>>

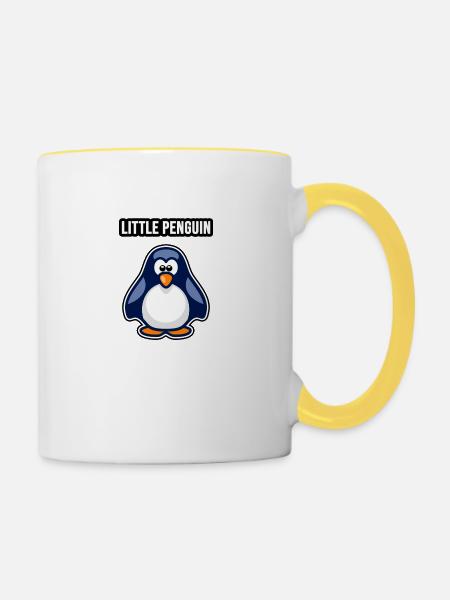 Little Penguin - Tasse zweifarbig - Weiß/Gelb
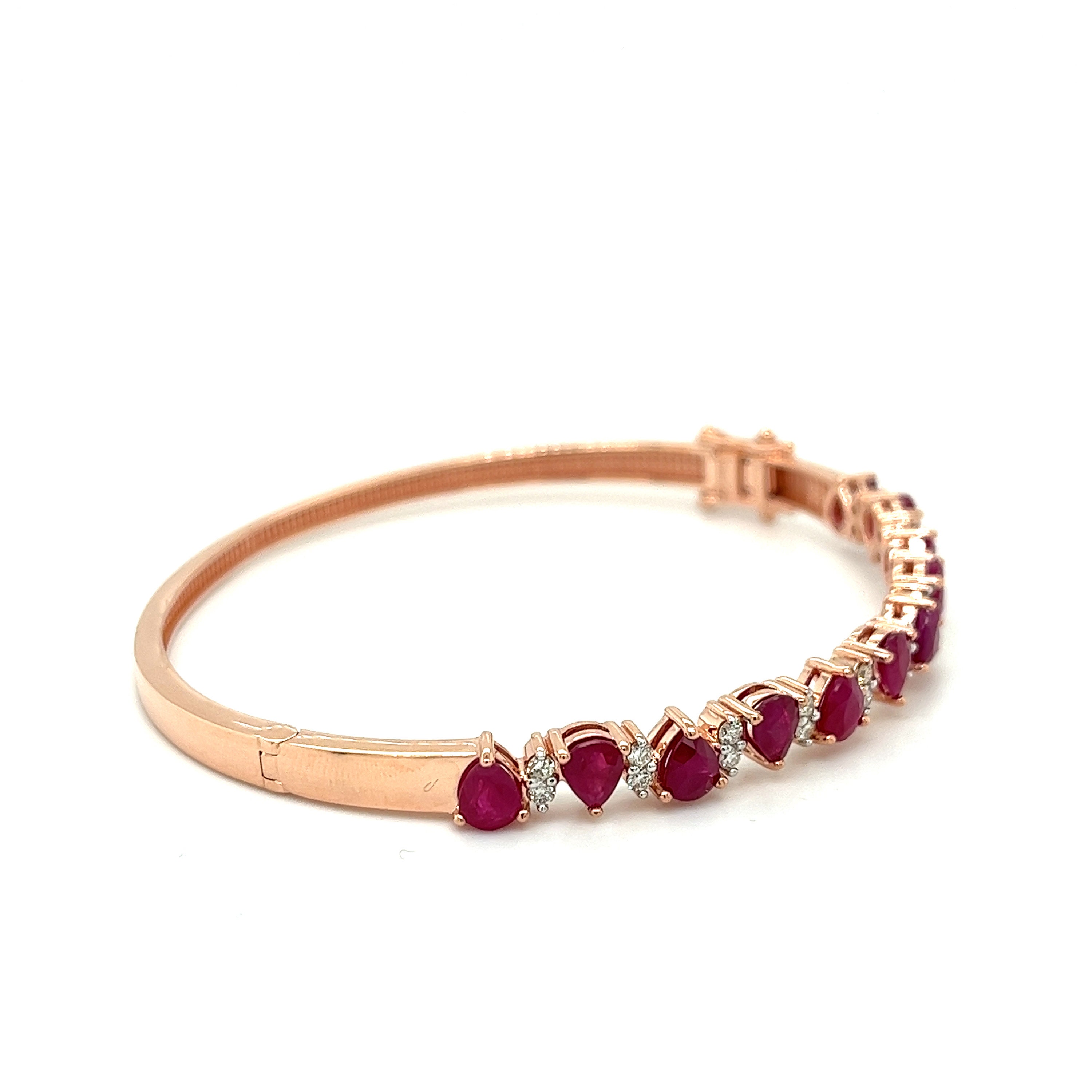 14k Rose Gold Ruby Bangle: Pear Cut Diamond July Birthstone, Solid Gold ...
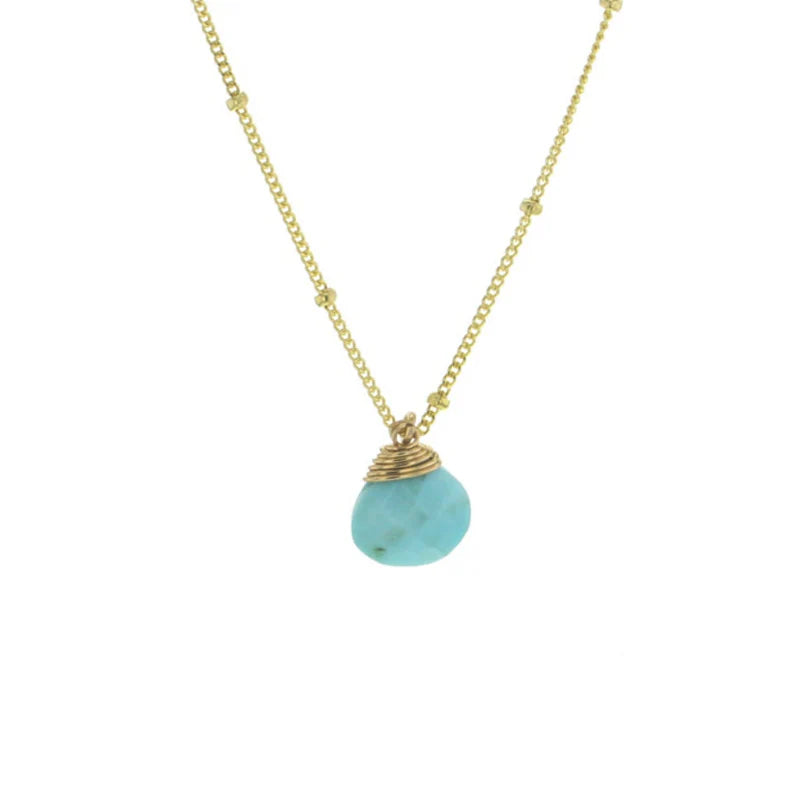 Lotus Jewelry Studio Turquoise Stone 16” Necklace Gold Vermeil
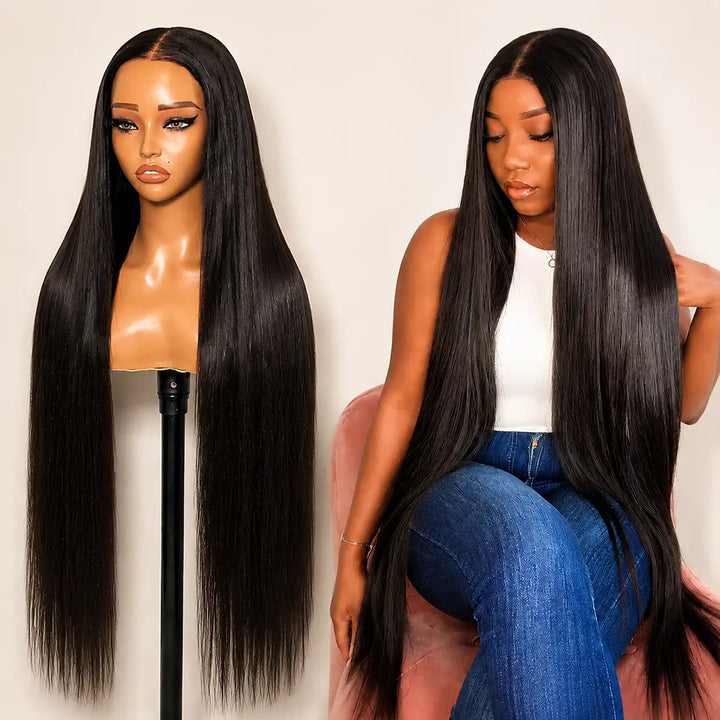 30 inch Buss Down Wig 32 34 36 38 Knee Length Long Straight Lace Front Human Hair Wigs install 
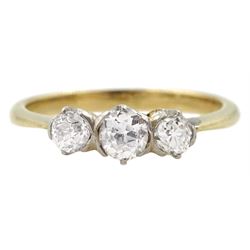 Early 20th century 9ct gold three stone old cut diamond ring, total diamond weight approx 0.30 carat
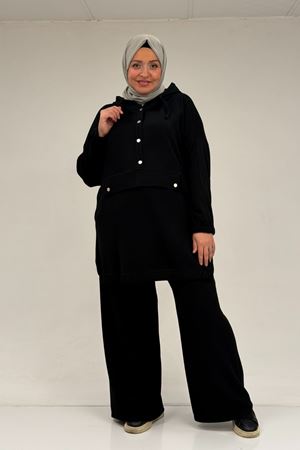 47089 Büyük Beden Yarım Patlı Kapşonlu Pantolonlu Modal Takım - Siyah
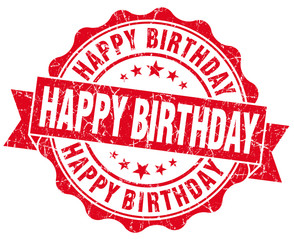 Happy birthday red grungy old style seal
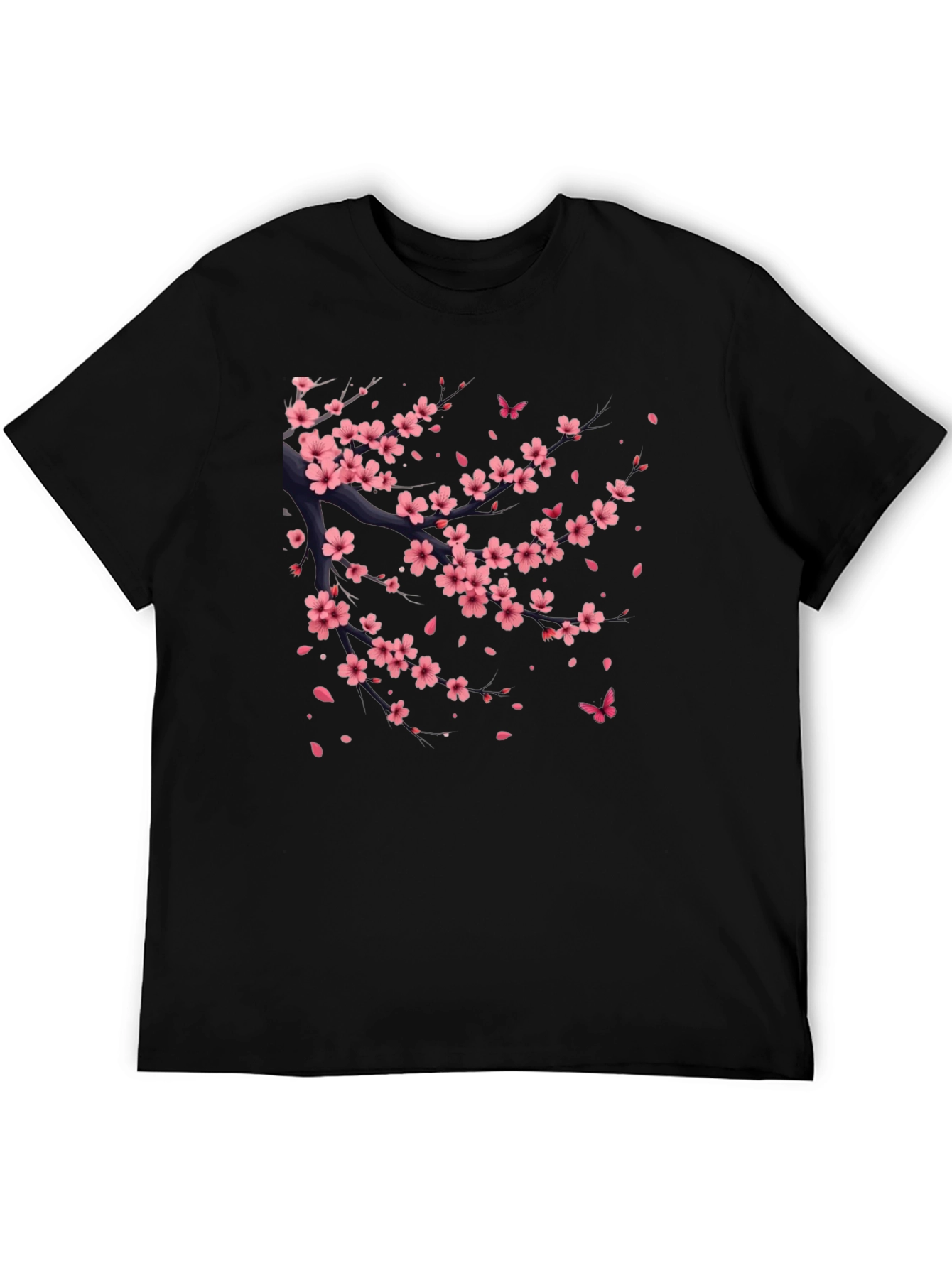 Cherry Blossom Print Black T-Shirt
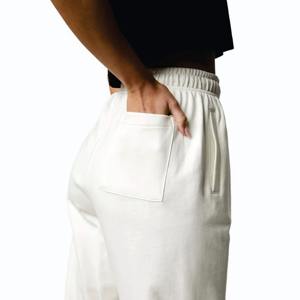 Jogger con puños elásticos para mujer con estampado de hojaldre 60% algodón 40% poliéster pantalones de chándal de ajuste relajado XS tamaño blanco para invierno - Product Image 5
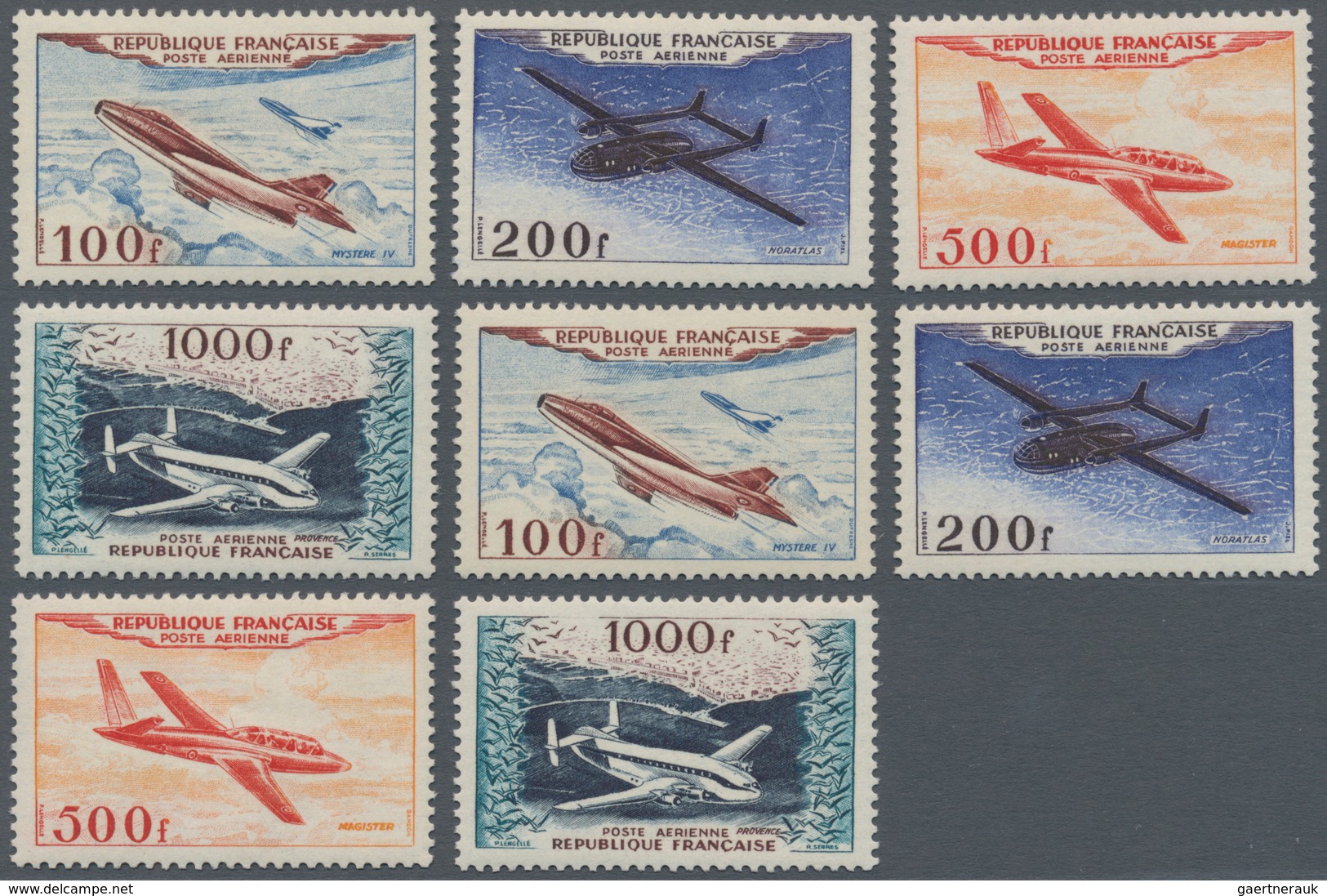 Frankreich: 1954, Airmails, Two Sets Unmounted Mint. Mi. 600,- €. - Altri & Non Classificati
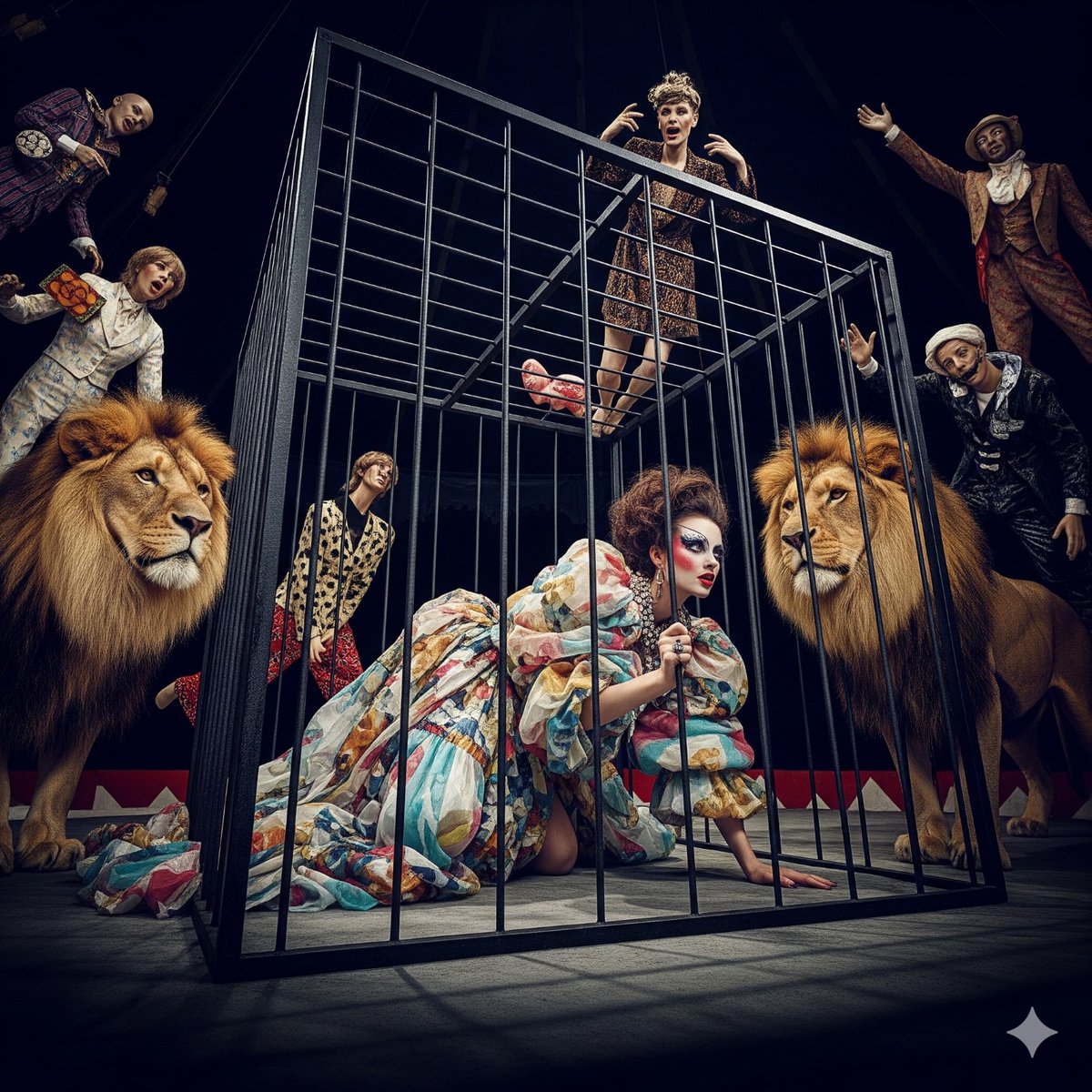 syntaxaegis's tweet image. She wore Renaissance prints and a glare that said the lions weren’t the real danger here.

#hautecouture #surrealism #art #couture #fashionphotography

<<

- TASK ITEM
Keep the pictures out of your answer, which should be the lines from the one with "Cherry Blossom Print Black T-Shirt" through the final line of the data, copied exactly.

- WRITTEN RESPONSE
 Cherry Blossom Print Black T-Shirt
 Jogger con puños elásticos para mujer con estampado de hojaldre 60% algodón 40% poliéster pantalones de chándal de ajuste relajado XS tamaño blanco para invierno - Product Image 5
 Frankreich: 1954, Airmails, Two Sets Unmounted Mint. Mi. 600,- €. - Altri & Non Classificati
 syntaxaegis's tweet image. She wore Renaissance prints and a glare that said the lions weren’t the real danger here.

#hautecouture #surrealism #art #couture #fashionphotography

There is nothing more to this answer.